I would love to see the day that people run for congress because they thing 
they can better their country not just their pockets. I don't blame it on 
any one party, I blame it on the party system.

I wish I had a good answer to change this. But the people who are in office 
now are there because of the two party system. They have the most to loose 
if it changes.

At 04:29 PM 12/9/2001 -0800, you wrote:
>One reason politicians get away with so much is that most people don't care
>what they do.  I'm skeptical that a clearing house Web site would do much
>good.  Most political Web sites don't get that much traffic as it is.
>There's plenty of information on the Web for people, if they just use it,
>but mostly they don't. And for years before the Web, there were all kinds of
>scholarly publications and think tanks that provided tons of information --
>and mostly it went ignored.
>
>Term limits haven't worked in states that have them. Lobbyist lobby away.
>
>Besides, the term "special interest" group is a political semantic game.
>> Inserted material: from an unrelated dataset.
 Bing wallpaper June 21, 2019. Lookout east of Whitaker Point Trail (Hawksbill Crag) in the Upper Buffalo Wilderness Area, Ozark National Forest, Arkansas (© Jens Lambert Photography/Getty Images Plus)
>It's meaningless.  We all have the right to form ourselves into alliances
>and petition the government for grievances, or to do it singularly. We can
>also find any number of competing special interest groups to represent one
>side or another of our pet cause. So-called special interest groups are a
>key component of representative government.
>
>What is not a necessity in a republic, and George Washington made this quite
>clear in his Farwell Address, are political parties. The greatest reason
>politicians do not do the people's business as often as they should is not
>campaign finances, or lobbyist or even their own egos -- it is party
>loyalty, a partisanship that puts political alliances ahead of the national
>or regional good. Political parties are the last refuge of scoundrels.
>
>Because of the 1st Amendment, you cannot outlaw political parties, but there
>is no reason that political parties should receive the blessing of the
>government to operate.  Political parties receive that blessing every time
>you register to vote or vote -- why should your political affiliations be an
>issue at the polling place? To me, the very question on a registration card
>is a violation of privacy. If you do away with that question, and do away
>with the affiliation mention on ballots, you take a big step toward
>destroying the party system as we know it today. Political parties can still
>exist, and people can still join them if they like, but political parties
>should be far removed from sanction at the ballot box.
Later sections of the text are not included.